Assignment:
Skip the pictures, and retype the data below in full, exactly.

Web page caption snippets
_ _ _ _ _

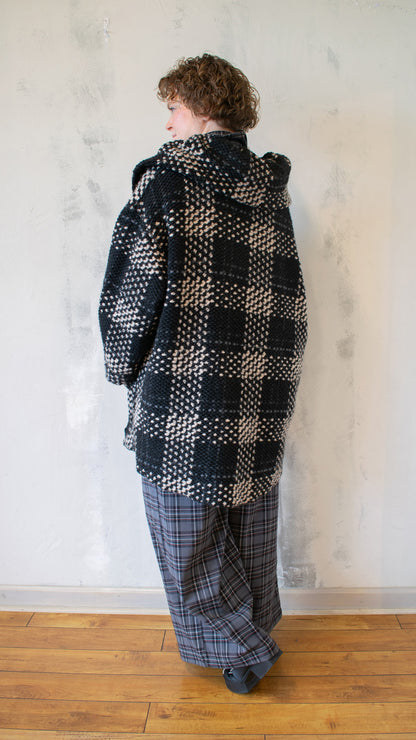 Heavy Knit Iris Coat in Black Taupe Check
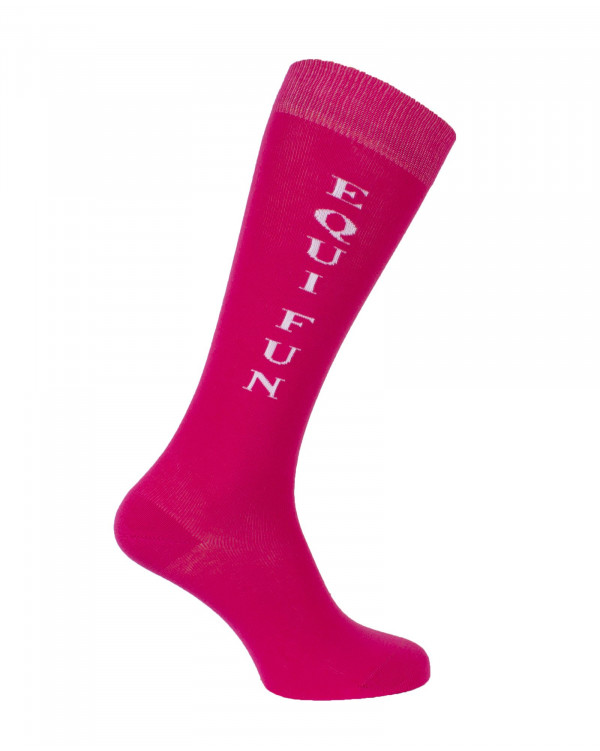 Chaussettes d'équitation Equifun en rose fuchsia et blanc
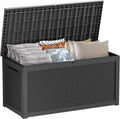 LOJIAWOWE 320 Gallon Resin Deck Box, Waterproof Lockable Outdoor Storage Container for Patio Furniture, Pool Supplies, Black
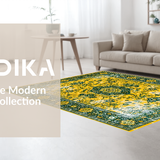 Ultra Soft Area Rug, Non Slip, Stain Resistant, Washable Area Rugs for Living Room, Bedroom, Whimsical Multi-Hued Floral Arrangement(Yellow)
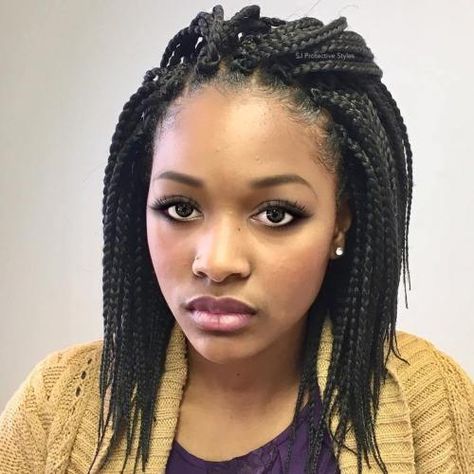 Shoulder-Length Crochet Braids Pixie Braids Hairstyles, Short Bob Braids, Pixie Braids, Short Box Braids Hairstyles, Short Box Braids, Long Box Braids, Crochet Braid Styles, Pelo Afro, Braided Ponytail Hairstyles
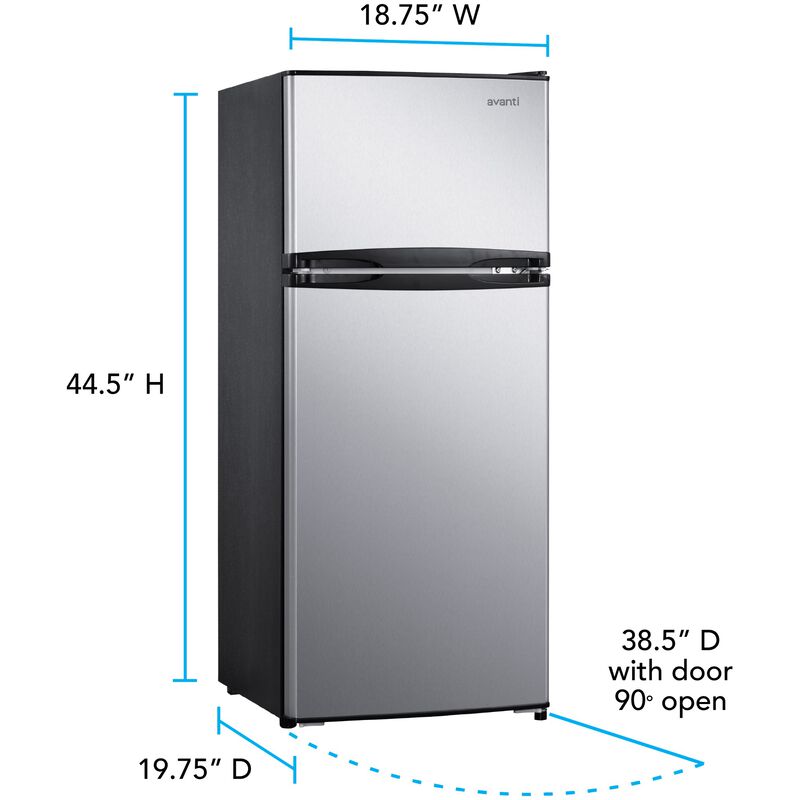 Avanti 19 in. 4.5 cu. ft. Mini Fridge with Top Freezer - Stainless Steel, , hires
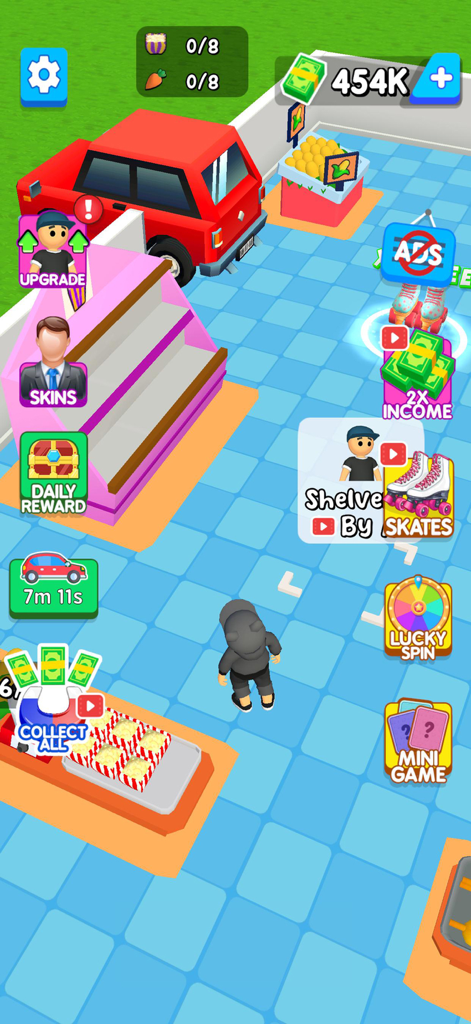 Mini Supermarket Grocery Shop - Vista dentro del juego de Mini Supermarket Grocery Shop con un personaje y mejoras de la tienda.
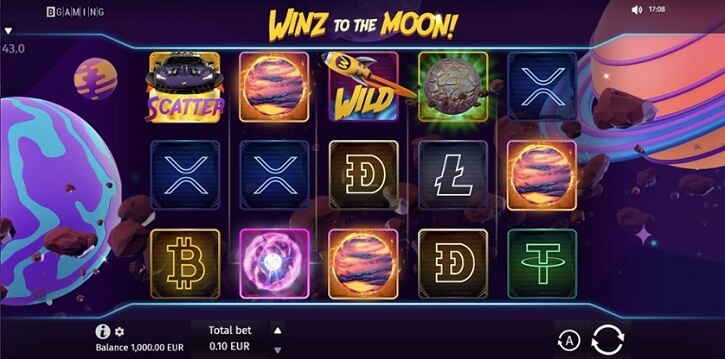 winz to the moon slot screen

_ _ _ _ _

Output below:
 Heavy Knit Iris Coat in Black Taupe Check
 Chaussettes d'équitation Equifun en rose fuchsia et blanc
 LOJIAWOWE 320 Gallon Resin Deck Box, Waterproof Lockable Outdoor Storage Container for Patio Furniture, Pool Supplies, Black
 Ultra Soft Area Rug, Non Slip, Stain Resistant, Washable Area Rugs for Living Room, Bedroom, Whimsical Multi-Hued Floral Arrangement(Yellow)
 Shoulder-Length Crochet Braids Pixie Braids Hairstyles, Short Bob Braids, Pixie Braids, Short Box Braids Hairstyles, Short Box Braids, Long Box Braids, Crochet Braid Styles, Pelo Afro, Braided Ponytail Hairstyles
 Avanti 19 in. 4.5 cu. ft. Mini Fridge with Top Freezer - Stainless Steel, , hires
 Mini Supermarket Grocery Shop - Vista dentro del juego de Mini Supermarket Grocery Shop con un personaje y mejoras de la tienda.
 winz to the moon slot screen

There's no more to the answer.